Still there are gaps and these are continuously increasing […] So we have to tie-up with [the international community] with extremely high investments.
In my view, joint ventures (JV) and stress on indigenisation is the core of our strategy to move forward. But JV cannot come up with limitations on FDI. If you want to get really good technology, it will not come with 26 per cent. It should be raised to 48 to 49 per cent so that we can get [the] required good technology. But there are fears that if we allow more, the process of indigenisation will suffer. I can say that [it will not]. Indian R&D is not so weak today that it cannot compete with the R&D in the world.
In the last 10 to 15 years I have worked in international collaborations with Russia, France, Israel, and I can say that Indian R&D institutions and scientists are [second to none] with respect to their capabilities, [in] contributing to a JV or absorbing from there the right technology. This is not going to be teacher and taught relationship. This is going to be a relationship at par. Our research base and eco systems are strong enough to grow further with these partnerships.
On China and how India is closing the gaps in technology and how the private sector should not remain only a component manufacturer
The only gap which exists between China and India today is in terms of large-scale manufacturing capability. As far as technology is concerned, I can only say in defence we have come very close to China. Take missiles, our reach and accuracy is comparable.

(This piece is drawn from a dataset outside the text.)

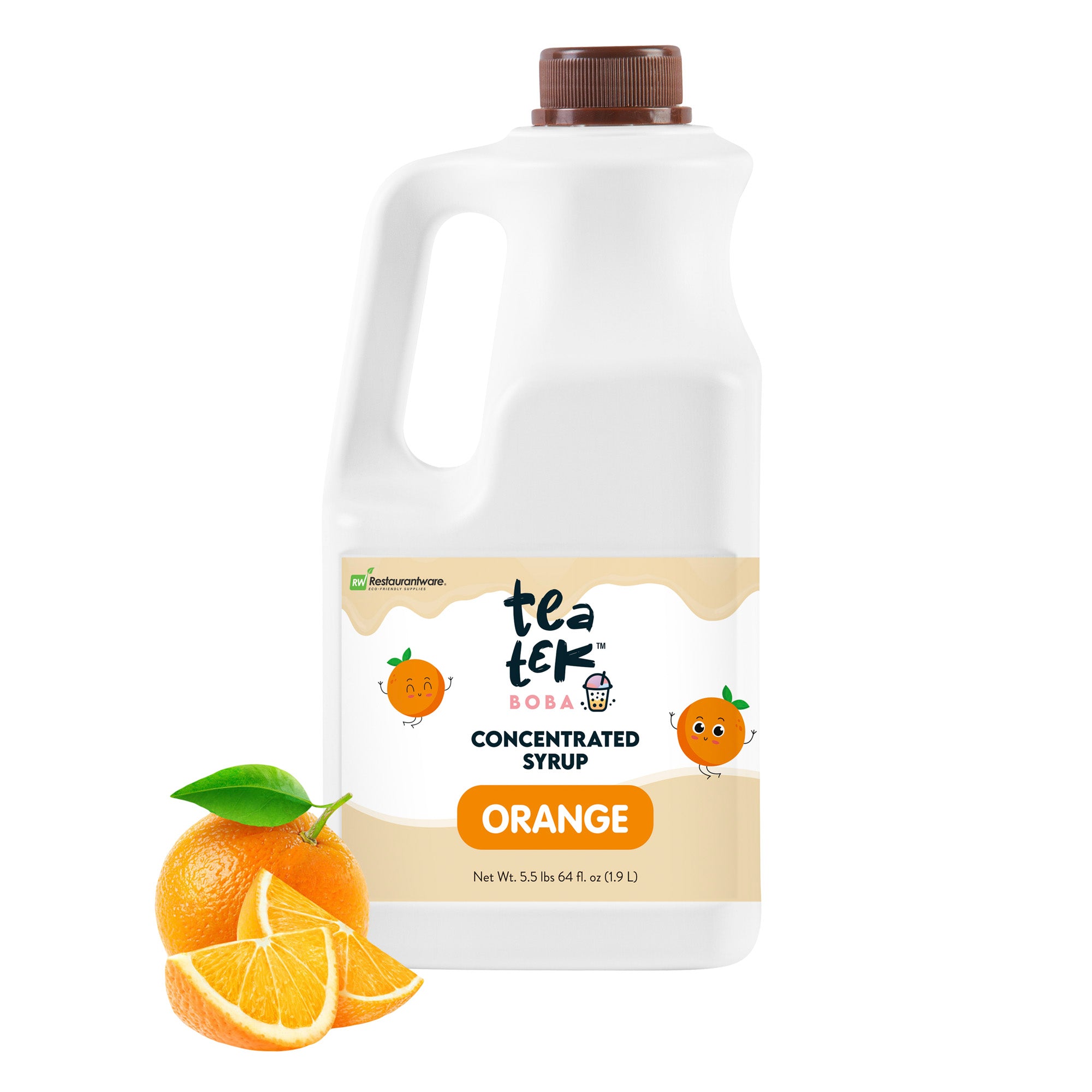 Tea Tek 64 fl. oz Concentrated Syrup - Orange - 6 count box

Our LCA today is a shining example, comparable to what China is producing in J-10. But our manufacturing capabilities in numbers are certainly lacking and that is where [the] gap has to be caught up. That is where private sector participation [should be considered]. An ecosystem should be provided to private sector to come in whether it is shipbuilding, missile building, torpedo building or submarine building. We should not allow private sector to remain a component manufacturer. Private sector should graduate to a lead system integrator and then certainly we can catch up with China in no time.
On future missile programmes
In the area of long-range missiles, our programmes are well defined. We are doing technologies that will be integrated with Agni V; we are also trying to look at ballistic missiles of different ranges in different roles. War is not going to be just across our boundaries, it will be in far-off places and across continents. So what we are looking at today is how to make sure that ballistic missiles reach their targets precisely.
Ballistic missile defence is our priority area which we are augmenting in a big way. Going from our interception capability of 80 km to 300 km, we also have the capability to take care in a limited manner of a sudden large number of missiles fired. Of course, there is no answer to infinite missiles. If somebody is launching 24 missiles at the same time, we should be able to handle it. Our emphasis is on missile development programme and going for cruise missiles, like you saw the launch of ‘Nirbhay’ last time. We have to perfect that system.
In the case of ballistic missiles, we are trying to get precision guided ammunitions being released from a mother missile for shorter range like 300 km — one missile releasing about six to seven precision guided missiles which can home [in] on different targets. Our strategic requirement is almost getting met, and we are not in any kind of race in that area. There is no more a gap between the Indian missile and the western missile. Indigenisation has gone up from 30 per cent in the 1990s to 50 to 55 per cent now, and it needs to go further up to 70 per cent.